Понятно было, что Элисса решила испытать Алистера в бою. Юноша поднял щит наизготовку, заняв боевую позицию, подобрался, внимательно следя за ней. Он был уставшим, и Элисса являлась умелым опасным противником. Ее ножи были хуже хлыста, но совсем чуть-чуть, ими она тоже вполне себе владела.
Девушка пошла в лобовую атаку, но в последний момент попыталась уйти вбок и ударить Алистера по незащищенному щитом пространству, однако Серый Страж был наготове: он повел щитом, и Элисса, охнув, отскочила назад, получив ощутимый удар по ноге краем щита. Алистер мог бы сломать ей ногу таким образом, сталь легко бы проломила девичьи косточки, но он великодушно никогда не калечил людей на таких поединках. К тому же, он не хотел бы причинять Элиссе вреда таким образом.

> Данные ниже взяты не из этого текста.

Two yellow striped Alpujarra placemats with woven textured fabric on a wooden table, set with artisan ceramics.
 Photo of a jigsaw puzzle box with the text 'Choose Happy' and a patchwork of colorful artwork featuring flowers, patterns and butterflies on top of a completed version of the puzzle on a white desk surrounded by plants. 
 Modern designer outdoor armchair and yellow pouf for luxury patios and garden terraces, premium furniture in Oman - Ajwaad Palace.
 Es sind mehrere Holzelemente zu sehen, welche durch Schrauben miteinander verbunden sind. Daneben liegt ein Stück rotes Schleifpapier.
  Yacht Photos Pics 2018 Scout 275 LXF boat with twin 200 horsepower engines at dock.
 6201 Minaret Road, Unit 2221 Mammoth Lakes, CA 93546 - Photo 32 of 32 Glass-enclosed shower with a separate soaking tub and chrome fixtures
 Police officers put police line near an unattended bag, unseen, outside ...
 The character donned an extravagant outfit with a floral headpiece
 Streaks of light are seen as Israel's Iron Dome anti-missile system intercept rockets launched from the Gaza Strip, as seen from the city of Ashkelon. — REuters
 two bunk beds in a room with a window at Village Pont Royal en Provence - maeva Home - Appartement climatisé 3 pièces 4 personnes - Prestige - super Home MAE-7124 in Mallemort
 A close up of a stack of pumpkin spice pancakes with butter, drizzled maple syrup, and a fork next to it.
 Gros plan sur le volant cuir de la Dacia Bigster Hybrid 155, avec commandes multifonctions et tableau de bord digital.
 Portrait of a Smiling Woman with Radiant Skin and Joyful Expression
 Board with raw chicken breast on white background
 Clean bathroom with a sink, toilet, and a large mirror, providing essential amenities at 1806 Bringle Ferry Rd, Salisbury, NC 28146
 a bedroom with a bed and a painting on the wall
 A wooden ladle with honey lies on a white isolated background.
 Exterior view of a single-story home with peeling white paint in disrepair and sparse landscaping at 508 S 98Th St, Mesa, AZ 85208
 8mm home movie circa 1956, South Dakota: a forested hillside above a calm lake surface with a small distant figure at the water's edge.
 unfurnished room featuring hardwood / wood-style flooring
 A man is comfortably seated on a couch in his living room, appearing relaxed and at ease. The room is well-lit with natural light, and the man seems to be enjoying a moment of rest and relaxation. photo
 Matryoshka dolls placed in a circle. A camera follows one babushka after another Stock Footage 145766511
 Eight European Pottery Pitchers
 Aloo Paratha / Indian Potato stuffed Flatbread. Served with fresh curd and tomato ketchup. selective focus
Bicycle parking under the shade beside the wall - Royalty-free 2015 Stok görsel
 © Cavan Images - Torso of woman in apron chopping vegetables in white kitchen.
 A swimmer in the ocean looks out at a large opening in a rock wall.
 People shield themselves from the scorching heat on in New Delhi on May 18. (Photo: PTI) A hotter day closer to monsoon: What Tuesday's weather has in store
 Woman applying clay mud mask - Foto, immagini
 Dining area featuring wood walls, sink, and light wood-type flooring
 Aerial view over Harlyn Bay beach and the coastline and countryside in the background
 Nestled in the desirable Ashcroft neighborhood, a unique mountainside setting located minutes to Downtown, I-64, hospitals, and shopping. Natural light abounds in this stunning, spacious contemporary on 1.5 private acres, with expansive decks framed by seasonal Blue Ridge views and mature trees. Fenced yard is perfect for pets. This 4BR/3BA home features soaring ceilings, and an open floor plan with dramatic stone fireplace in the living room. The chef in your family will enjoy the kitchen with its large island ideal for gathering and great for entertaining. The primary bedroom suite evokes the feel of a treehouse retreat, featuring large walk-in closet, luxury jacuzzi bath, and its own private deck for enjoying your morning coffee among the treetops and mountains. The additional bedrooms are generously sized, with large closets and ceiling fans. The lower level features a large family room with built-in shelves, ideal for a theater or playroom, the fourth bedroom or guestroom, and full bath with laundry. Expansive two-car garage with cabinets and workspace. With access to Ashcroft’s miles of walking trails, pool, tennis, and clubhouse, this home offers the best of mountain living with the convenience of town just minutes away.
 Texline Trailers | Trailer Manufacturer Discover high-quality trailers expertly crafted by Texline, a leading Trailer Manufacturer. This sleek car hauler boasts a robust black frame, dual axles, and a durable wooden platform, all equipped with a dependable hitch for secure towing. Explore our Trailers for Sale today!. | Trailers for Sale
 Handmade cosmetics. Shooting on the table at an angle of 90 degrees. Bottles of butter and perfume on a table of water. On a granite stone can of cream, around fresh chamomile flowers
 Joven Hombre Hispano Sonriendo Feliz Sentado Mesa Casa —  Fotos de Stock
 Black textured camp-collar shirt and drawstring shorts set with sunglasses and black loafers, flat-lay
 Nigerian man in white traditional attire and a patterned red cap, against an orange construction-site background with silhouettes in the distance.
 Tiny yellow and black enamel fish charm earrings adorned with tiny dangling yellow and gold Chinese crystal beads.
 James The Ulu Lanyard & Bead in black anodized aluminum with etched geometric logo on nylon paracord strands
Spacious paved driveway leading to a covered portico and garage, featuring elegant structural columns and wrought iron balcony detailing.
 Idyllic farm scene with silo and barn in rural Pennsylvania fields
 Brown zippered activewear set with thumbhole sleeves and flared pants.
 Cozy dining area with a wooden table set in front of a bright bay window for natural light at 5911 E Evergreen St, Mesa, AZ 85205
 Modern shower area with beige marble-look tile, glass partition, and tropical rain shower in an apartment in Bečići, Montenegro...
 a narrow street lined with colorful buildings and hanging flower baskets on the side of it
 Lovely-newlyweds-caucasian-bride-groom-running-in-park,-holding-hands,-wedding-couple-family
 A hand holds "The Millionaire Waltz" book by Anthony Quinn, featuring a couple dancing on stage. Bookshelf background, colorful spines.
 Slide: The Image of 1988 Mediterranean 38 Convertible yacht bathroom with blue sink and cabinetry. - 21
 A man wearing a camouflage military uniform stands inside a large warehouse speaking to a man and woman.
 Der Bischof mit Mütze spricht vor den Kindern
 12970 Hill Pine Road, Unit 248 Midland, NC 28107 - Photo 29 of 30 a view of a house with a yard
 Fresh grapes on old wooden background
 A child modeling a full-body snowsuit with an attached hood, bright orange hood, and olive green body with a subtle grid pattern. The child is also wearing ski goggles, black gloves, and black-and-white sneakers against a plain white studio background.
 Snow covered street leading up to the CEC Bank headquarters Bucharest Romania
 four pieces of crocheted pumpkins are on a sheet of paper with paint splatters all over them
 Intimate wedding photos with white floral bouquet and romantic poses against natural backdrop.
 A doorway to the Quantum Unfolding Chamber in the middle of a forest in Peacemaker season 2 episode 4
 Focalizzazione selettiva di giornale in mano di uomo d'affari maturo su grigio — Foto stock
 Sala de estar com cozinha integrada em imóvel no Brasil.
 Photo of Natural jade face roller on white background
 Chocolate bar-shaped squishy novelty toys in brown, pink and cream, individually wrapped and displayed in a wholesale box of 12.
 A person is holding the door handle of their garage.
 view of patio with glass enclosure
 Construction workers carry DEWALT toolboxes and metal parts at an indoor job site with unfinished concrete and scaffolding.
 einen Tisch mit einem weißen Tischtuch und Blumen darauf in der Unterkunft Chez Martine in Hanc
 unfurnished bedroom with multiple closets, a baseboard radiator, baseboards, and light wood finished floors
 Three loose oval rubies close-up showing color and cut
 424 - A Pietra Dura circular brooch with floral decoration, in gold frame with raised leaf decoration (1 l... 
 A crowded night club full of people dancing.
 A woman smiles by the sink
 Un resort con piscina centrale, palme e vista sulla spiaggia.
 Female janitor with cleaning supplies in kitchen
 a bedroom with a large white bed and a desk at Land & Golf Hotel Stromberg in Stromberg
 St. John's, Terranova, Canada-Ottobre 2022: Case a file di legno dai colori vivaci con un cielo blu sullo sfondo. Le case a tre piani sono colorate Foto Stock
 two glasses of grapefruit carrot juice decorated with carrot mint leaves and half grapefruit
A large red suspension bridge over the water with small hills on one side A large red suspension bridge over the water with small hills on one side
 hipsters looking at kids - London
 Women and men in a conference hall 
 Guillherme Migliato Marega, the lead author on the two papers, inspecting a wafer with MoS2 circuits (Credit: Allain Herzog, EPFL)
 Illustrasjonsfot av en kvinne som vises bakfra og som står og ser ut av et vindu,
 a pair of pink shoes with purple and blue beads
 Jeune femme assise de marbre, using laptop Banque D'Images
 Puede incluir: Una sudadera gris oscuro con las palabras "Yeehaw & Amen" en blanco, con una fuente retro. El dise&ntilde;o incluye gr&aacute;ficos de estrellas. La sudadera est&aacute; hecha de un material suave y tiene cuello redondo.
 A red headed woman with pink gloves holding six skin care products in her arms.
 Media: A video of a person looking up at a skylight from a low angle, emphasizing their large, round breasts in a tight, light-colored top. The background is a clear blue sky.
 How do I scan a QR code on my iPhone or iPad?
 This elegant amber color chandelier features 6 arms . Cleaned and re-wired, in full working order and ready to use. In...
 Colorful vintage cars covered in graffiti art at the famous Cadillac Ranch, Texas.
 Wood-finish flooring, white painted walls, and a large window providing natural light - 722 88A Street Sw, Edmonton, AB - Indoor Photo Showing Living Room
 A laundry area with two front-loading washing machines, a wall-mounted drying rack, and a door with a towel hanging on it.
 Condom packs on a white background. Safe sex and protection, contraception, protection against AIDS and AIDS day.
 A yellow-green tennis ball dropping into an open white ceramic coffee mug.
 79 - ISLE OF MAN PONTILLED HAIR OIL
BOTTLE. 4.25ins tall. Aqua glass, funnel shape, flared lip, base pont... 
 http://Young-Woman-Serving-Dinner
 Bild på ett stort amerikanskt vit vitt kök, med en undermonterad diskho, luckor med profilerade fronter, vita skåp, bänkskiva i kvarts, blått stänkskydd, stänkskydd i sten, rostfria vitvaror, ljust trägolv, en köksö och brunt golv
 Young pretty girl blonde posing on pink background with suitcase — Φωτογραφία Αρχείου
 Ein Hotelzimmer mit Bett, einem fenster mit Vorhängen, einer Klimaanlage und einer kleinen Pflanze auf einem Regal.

Элисса старалась не нагружать ушибленную ногу, и вообще, держаться от Алистера на расстоянии вытянутого лезвия: бывший храмовник уже показал, что бывает, когда недооцениваешь его мастерство владения щитом. Она зашипела от боли, ее проклятая кровь показалась на штанине, показывая, что Алистер-таки оцарапал Элиссу. Все быстро заживет, уже к вечеру не останется и следа: она восстанавливалась быстрее любого человека, пусть это и стоило ей в свое время в каком-то смысле души.
Алистер размахнулся и ударил ее мечом, но Элисса сдвинулась в сторону, избежав удара стали. Он не торопился и бил аккуратно явно с расчетом не убить, и Элисса этим воспользовалась: девушка метнулась вперед, резанув по руке Алистера с зажатым мечом в момент, когда он промахнулся, но лезвие всего лишь прорезало рукав и наткнулось на кольчугу.
Девушка наносила Алистеру быстрые скользящие удары, надеясь порезать его, ибо поединок был до первой крови, Алистер же орудовал щитом и мечом, заставляя Элиссу уворачиваться, отпрыгивать, загоняя ее. В глазах юноши блестели озорные огоньки, Элисса же пребывала в состоянии шока: Алистер, которого она за мужчину вообще не считала, оказывается, мог бы легко расправиться с ней. Он был сильным, стойким, энеричным, и кровь Серого Стража лишь усиливала эти качества.
Элисса почувствовала, как земля уходит из-под ног, и рухнула спиной назад, когда Алистер подрезал ее щитом. Ударом о землю из нее выбило весь дух, и она закашлялась сухой пылью, взметнувшейся с земли.
Зеваки засвистели, понимая, что Страж снова выиграл у простого бойца, и Алистер, вложив клинок в ножны, протянул руку Элиссе, тепло улыбаясь. Она чувствовала раздражение, но взяла себя в руки, вспомнив, как по-свински вели себя поверженные соперники Алистера, которым он точно также пытался помочь подняться, а потому, скрепя сердце, она приняла его руку и позволила поднять себя на ноги.